[Exercise]:
Below is a listing from which only part is wanted; return exactly the lines from the one with "ماكينه حلاقه كيمي" up to and including the one with "LUDO Super King screenshot 3".

[Provided information]:
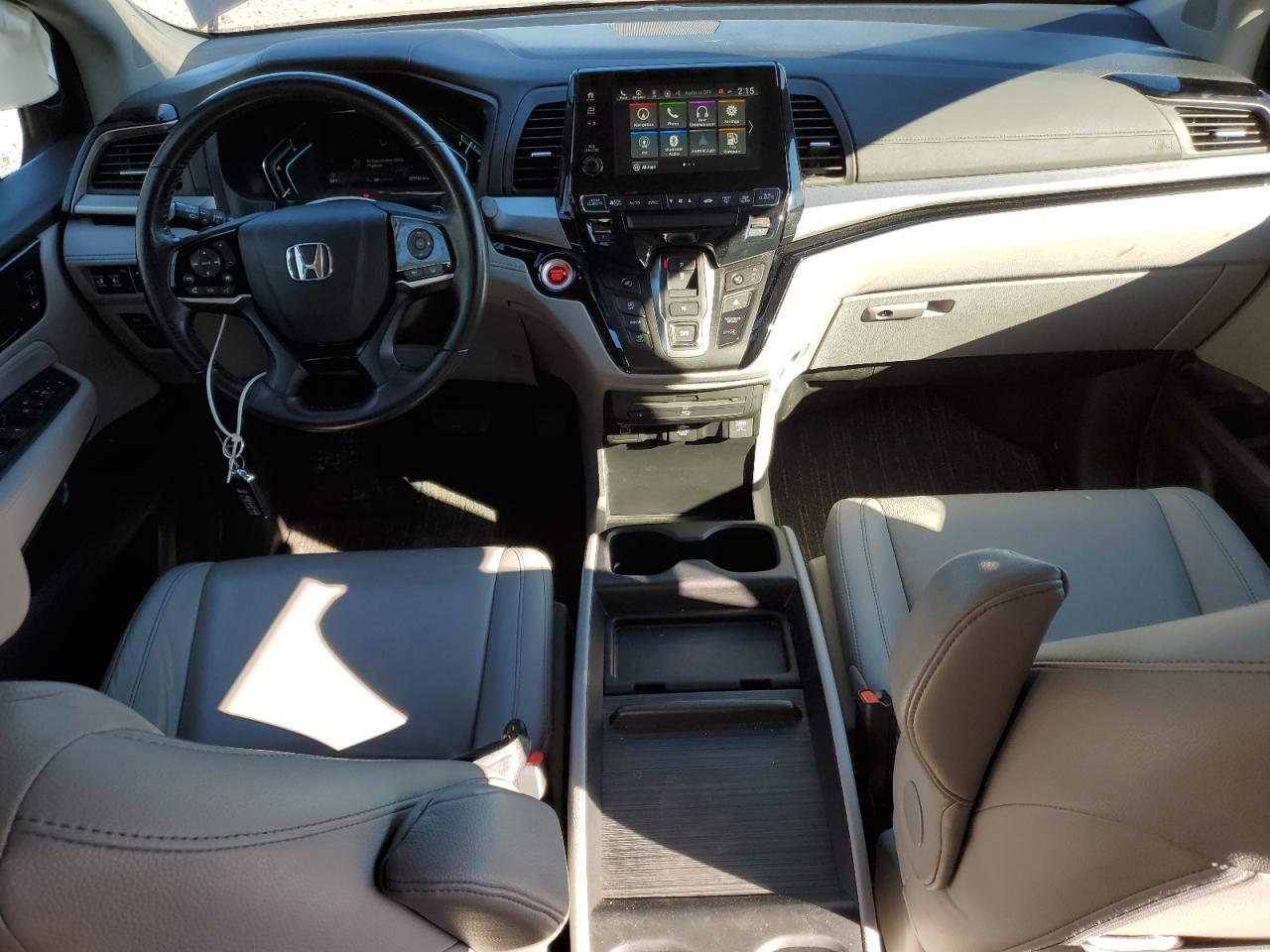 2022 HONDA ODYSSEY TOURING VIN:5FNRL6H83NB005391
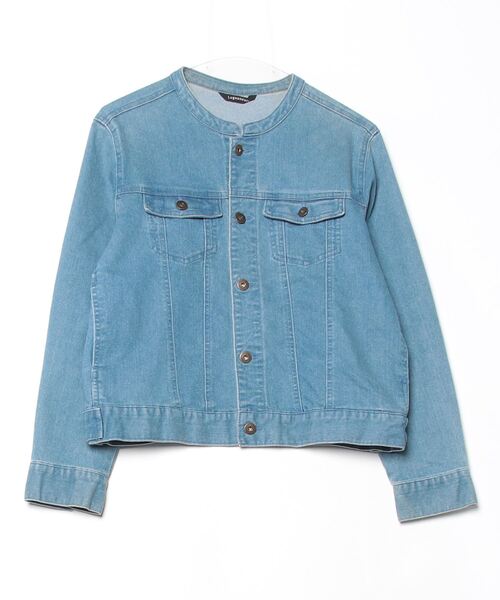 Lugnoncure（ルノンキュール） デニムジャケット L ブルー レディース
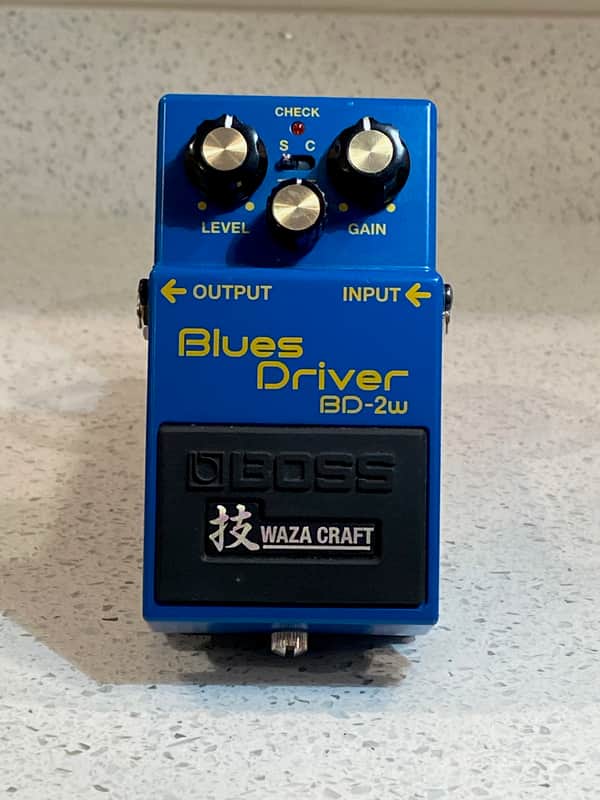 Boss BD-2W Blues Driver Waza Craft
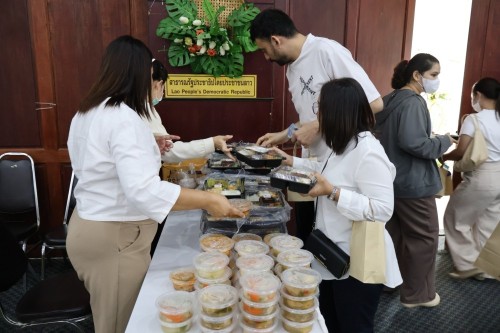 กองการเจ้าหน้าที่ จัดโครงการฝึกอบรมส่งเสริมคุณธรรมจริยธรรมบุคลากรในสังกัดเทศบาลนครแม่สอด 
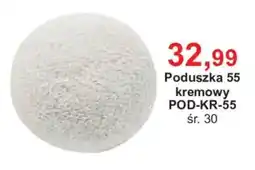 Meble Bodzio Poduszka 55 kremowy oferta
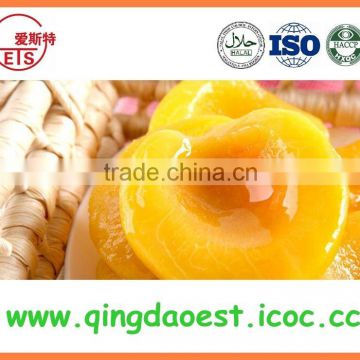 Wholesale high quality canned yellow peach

--

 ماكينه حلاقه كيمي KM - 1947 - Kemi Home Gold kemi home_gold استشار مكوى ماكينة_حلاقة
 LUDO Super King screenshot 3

[Answer space]:
 ماكينه حلاقه كيمي KM - 1947 - Kemi Home Gold kemi home_gold استشار مكوى ماكينة_حلاقة
 LUDO Super King screenshot 3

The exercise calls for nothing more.